Start of DATA TO USE

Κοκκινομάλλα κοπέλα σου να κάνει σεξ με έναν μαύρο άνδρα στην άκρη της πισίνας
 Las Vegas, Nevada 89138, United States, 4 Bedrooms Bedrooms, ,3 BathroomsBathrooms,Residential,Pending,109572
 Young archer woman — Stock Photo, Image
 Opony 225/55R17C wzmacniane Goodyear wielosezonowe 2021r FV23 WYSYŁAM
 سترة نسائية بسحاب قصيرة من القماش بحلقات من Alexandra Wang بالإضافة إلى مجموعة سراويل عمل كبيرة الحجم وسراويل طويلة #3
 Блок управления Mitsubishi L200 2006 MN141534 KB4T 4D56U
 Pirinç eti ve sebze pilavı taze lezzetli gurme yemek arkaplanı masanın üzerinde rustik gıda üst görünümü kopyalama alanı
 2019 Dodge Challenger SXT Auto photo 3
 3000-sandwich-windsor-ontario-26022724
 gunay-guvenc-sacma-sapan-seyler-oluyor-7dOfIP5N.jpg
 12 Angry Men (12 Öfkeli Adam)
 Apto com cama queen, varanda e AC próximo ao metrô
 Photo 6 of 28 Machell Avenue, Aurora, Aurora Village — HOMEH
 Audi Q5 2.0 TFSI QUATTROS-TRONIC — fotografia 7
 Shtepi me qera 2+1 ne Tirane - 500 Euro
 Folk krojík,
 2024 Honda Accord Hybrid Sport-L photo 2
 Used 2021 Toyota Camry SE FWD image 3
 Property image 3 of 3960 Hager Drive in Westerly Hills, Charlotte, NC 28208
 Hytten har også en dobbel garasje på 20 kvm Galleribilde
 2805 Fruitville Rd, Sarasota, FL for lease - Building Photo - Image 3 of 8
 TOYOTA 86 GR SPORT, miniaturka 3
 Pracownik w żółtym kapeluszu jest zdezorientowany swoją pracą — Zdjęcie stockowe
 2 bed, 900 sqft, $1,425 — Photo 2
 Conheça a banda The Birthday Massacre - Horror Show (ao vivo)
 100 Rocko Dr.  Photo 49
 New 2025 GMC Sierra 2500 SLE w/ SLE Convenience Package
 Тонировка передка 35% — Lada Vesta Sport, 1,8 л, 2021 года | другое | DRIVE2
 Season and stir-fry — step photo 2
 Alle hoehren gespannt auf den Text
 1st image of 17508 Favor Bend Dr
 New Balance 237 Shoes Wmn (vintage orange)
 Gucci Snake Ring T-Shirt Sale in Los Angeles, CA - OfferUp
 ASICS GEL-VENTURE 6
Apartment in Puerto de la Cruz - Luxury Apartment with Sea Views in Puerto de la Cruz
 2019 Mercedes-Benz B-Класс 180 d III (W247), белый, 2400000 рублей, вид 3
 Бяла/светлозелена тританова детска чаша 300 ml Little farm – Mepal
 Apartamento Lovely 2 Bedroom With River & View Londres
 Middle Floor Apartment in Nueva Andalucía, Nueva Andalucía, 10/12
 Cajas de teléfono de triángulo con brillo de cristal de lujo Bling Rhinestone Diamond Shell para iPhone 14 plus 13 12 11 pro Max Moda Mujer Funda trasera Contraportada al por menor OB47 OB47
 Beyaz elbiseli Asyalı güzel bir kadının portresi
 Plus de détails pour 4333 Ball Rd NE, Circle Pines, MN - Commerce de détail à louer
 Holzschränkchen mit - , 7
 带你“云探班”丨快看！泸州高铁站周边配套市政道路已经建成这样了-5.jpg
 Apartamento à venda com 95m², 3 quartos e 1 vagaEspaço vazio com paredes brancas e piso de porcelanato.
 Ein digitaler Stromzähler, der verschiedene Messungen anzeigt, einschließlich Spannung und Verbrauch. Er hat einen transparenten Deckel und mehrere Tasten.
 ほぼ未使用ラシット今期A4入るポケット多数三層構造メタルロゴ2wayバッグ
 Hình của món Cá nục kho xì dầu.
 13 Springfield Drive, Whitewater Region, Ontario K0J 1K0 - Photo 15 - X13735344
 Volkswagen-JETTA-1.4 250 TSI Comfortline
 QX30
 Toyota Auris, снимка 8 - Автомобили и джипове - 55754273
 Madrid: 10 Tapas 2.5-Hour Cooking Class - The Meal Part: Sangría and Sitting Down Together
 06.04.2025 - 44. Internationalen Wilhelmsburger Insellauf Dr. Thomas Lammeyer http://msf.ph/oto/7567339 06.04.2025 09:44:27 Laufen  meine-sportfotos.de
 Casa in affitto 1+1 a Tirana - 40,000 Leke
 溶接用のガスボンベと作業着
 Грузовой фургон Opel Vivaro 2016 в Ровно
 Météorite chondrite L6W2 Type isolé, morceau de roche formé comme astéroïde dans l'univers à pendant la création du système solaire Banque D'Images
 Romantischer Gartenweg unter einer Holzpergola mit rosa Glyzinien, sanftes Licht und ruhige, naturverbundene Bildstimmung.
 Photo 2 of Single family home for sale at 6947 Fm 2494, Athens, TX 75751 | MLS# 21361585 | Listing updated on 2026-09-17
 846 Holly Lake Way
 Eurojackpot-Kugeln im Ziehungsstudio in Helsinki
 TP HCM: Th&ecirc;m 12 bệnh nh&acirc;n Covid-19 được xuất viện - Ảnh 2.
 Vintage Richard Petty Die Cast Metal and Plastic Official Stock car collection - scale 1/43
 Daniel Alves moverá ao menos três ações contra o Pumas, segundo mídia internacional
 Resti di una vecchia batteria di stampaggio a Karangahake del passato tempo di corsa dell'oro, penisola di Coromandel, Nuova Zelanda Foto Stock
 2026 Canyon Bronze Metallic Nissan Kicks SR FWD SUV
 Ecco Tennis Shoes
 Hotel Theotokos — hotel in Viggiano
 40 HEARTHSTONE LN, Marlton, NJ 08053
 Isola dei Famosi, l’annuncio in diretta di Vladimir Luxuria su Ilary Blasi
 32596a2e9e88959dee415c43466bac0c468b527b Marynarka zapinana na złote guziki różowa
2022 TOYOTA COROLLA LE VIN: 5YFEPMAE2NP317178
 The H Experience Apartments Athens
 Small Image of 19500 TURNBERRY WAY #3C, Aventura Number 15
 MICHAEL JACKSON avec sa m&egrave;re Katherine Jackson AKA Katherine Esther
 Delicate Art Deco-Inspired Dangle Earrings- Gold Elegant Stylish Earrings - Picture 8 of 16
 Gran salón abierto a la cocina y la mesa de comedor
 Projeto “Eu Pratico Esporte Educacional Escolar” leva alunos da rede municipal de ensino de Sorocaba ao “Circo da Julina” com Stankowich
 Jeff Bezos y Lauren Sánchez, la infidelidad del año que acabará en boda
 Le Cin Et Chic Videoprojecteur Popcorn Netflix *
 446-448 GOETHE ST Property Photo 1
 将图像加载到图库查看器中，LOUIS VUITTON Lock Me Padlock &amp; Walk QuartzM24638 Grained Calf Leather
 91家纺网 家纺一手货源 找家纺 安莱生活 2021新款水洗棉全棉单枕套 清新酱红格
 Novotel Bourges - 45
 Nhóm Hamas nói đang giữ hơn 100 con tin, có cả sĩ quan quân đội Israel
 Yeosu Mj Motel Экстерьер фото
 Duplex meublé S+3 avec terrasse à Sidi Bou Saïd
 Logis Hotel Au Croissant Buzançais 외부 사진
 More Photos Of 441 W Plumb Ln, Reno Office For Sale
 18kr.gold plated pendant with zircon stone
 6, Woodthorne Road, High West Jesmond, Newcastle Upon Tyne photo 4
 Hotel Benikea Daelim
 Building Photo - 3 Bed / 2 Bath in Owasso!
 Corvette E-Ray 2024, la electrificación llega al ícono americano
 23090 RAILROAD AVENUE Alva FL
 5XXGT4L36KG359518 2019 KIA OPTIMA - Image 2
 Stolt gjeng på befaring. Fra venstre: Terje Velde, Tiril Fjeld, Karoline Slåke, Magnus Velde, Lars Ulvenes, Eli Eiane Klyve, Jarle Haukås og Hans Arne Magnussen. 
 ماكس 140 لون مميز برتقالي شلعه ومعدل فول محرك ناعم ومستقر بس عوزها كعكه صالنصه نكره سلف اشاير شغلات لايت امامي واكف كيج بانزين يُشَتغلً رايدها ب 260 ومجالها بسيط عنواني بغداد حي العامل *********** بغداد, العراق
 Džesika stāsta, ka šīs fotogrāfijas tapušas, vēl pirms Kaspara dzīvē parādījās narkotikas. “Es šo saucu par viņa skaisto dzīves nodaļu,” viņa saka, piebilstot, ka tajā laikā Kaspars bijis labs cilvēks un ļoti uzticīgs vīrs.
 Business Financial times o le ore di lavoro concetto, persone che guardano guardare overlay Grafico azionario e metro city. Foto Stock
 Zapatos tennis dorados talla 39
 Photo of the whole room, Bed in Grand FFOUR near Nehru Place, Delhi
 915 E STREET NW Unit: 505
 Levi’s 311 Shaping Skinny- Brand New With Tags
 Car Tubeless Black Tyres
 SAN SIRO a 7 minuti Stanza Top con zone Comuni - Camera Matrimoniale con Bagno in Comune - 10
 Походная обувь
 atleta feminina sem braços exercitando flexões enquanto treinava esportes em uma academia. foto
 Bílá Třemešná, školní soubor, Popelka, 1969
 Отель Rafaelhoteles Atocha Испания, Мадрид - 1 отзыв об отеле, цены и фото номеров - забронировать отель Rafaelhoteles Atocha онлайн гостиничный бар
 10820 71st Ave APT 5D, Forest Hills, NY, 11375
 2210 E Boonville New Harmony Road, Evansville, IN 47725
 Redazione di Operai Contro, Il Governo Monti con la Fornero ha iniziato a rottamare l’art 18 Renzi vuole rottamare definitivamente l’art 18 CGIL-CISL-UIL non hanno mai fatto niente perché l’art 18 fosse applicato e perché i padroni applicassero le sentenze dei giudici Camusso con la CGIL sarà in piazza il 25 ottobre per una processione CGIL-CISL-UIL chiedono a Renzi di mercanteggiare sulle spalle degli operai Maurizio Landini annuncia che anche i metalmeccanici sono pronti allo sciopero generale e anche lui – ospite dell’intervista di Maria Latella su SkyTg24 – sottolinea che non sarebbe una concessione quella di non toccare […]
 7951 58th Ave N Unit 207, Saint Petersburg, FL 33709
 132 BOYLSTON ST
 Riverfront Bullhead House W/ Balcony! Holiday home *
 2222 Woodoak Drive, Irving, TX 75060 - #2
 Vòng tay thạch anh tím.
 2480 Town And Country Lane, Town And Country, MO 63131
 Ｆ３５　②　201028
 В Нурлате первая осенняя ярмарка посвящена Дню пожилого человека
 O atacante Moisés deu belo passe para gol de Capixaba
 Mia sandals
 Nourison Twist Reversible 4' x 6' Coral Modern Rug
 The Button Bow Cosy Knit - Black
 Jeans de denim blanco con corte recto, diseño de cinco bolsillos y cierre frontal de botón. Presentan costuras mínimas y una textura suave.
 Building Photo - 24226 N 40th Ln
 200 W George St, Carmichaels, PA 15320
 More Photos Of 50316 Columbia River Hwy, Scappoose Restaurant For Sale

End of DATA TO USE

THE PROBLEM: Starting with the line above that holds "2480 Town And" and stopping with the line that holds "The Button Bow Cosy Knit - Black", reproduce each line exactly, omitting all other lines.

ANSWER SECTION:
 2480 Town And Country Lane, Town And Country, MO 63131
 Ｆ３５　②　201028
 В Нурлате первая осенняя ярмарка посвящена Дню пожилого человека
 O atacante Moisés deu belo passe para gol de Capixaba
 Mia sandals
 Nourison Twist Reversible 4' x 6' Coral Modern Rug
 The Button Bow Cosy Knit - Black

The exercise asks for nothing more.